I'm trying to use the Japanese morphological analyzer MeCab in a C# program (Visual Studio 2010 Express, Windows 7), and something's going wrong with the encoding. If my input (pasted into a textbox) is this:
一方、広義の「ネコ」は、ネコ類（ネコ科動物）の一部、あるいはその全ての獣を指す包括的名称を指す。
Then my output (in another textbox) looks like this:
?   åè©ž,ã‚µå¤‰æŽ¥ç¶š,*,*,*,*,*
?   åè©ž,ã‚µå¤‰æŽ¥ç¶š,*,*,*,*,*
?   åè©ž,ã‚µå¤‰æŽ¥ç¶š,*,*,*,*,*
?   åè©ž,ã‚µå¤‰æŽ¥ç¶š,*,*,*,*,*
?   åè©ž,ã‚µå¤‰æŽ¥ç¶š,*,*,*,*,*
?   åè©ž,ã‚µå¤‰æŽ¥ç¶š,*,*,*,*,*
?   åè©ž,ã‚µå¤‰æŽ¥ç¶š,*,*,*,*,*
?   åè©ž,ã‚µå¤‰æŽ¥ç¶š,*,*,*,*,*
?   åè©ž,ã‚µå¤‰æŽ¥ç¶š,*,*,*,*,*
?   åè©ž,ã‚µå¤‰æŽ¥ç¶š,*,*,*,*,*
?   åè©ž,ã‚µå¤‰æŽ¥ç¶š,*,*,*,*,*
?   åè©ž,ã‚µå¤‰æŽ¥ç¶š,*,*,*,*,*
?   åè©ž,ã‚µå¤‰æŽ¥ç¶š,*,*,*,*,*
?   åè©ž,ã‚µå¤‰æŽ¥ç¶š,*,*,*,*,*
?   åè©ž,ã‚µå¤‰æŽ¥ç¶š,*,*,*,*,*
(   åè©ž,ã‚µå¤‰æŽ¥ç¶š,*,*,*,*,*
?   åè©ž,ã‚µå¤‰æŽ¥ç¶š,*,*,*,*,*
?   åè©ž,ã‚µå¤‰æŽ¥ç¶š,*,*,*,*,*
?   åè©ž,ã‚µå¤‰æŽ¥ç¶š,*,*,*,*,*
?   åè©ž,ã‚µå¤‰æŽ¥ç¶š,*,*,*,*,*
?   åè©ž,ã‚µå¤‰æŽ¥ç¶š,*,*,*,*,*
)   åè©ž,ã‚µå¤‰æŽ¥ç¶š,*,*,*,*,*
?   åè©ž,ã‚µå¤‰æŽ¥ç¶š,*,*,*,*,*
?????????????????????????   åè©ž,ã‚µå¤‰æŽ¥ç¶š,*,*,*,*,*
EOS
I would guess that that's text in some other encoding being mistaken for UTF-8-encoded text. But assuming that it's EUC-JP and using Encoding.Convert to turn it into UTF-8 doesn't change the output; assuming that it's Shift-JIS and doing the same gives different gibberish. Also, while it's definitely processing the text - that's how MeCab output is supposed to be formatted - it doesn't appear to be interpreting the input as UTF-8, either. If it were doing so, there wouldn't be all those identical lines in the output starting with one-character "compounds," which it's clearly unable to identify.
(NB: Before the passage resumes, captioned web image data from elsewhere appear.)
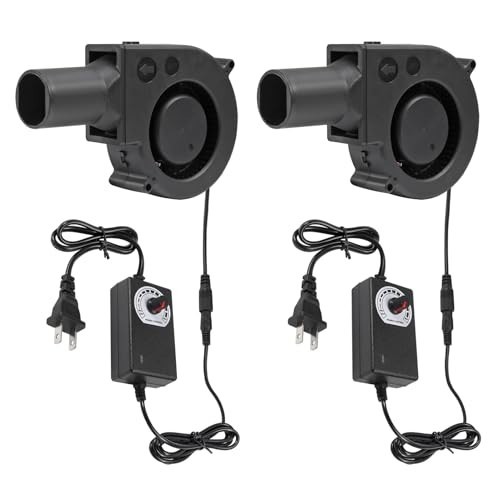 2Pcs 97mm BBQ Blower Fan 12V with Variable Speed Controller for Quick Charcoal S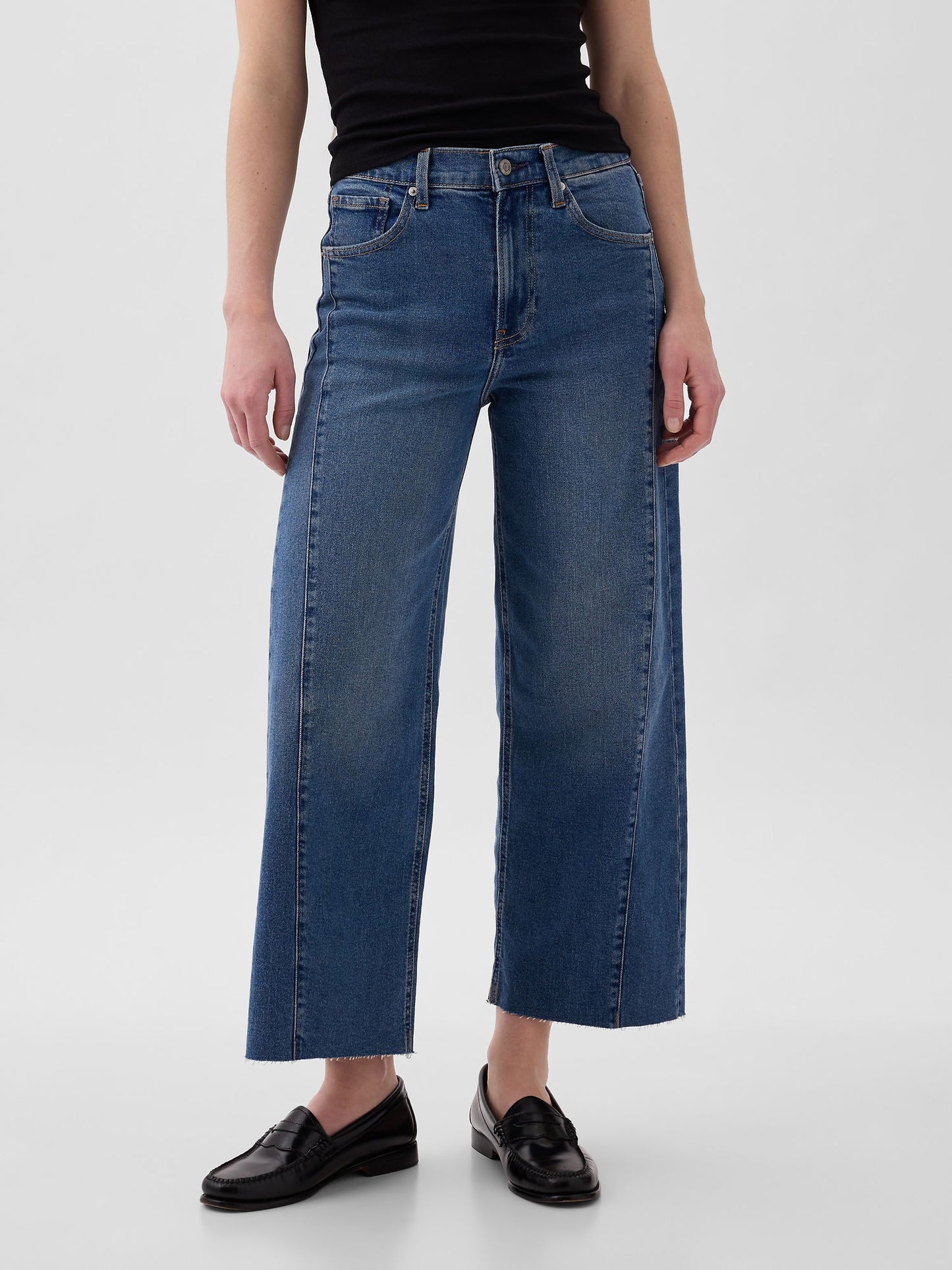 Koyu Mavi High Rise Stride Wide-leg Ankle Jean Pantolon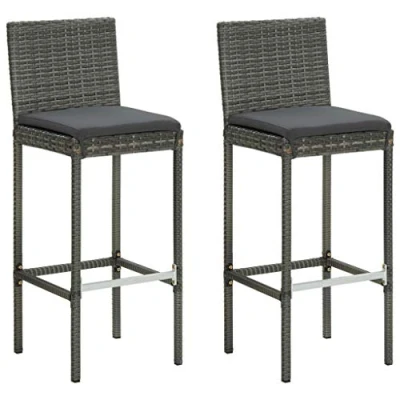 Image of vidaXL Garden Bar Stools with Cushions Set 2 pcs Grey Poly Rattan Contemporary Outdoor Seating from Weather Resistant Material Removable Cushion Covers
I get yet another different-looking set of gibberish when I run the sentence through MeCab's command line. But, again, it's just a row of single question marks and parentheses going down the left, so it's not just the problem that the Windows command line doesn't support fonts with Japanese characters; again, it's just not reading the input in as UTF-8. (I did install MeCab in UTF-8 mode.)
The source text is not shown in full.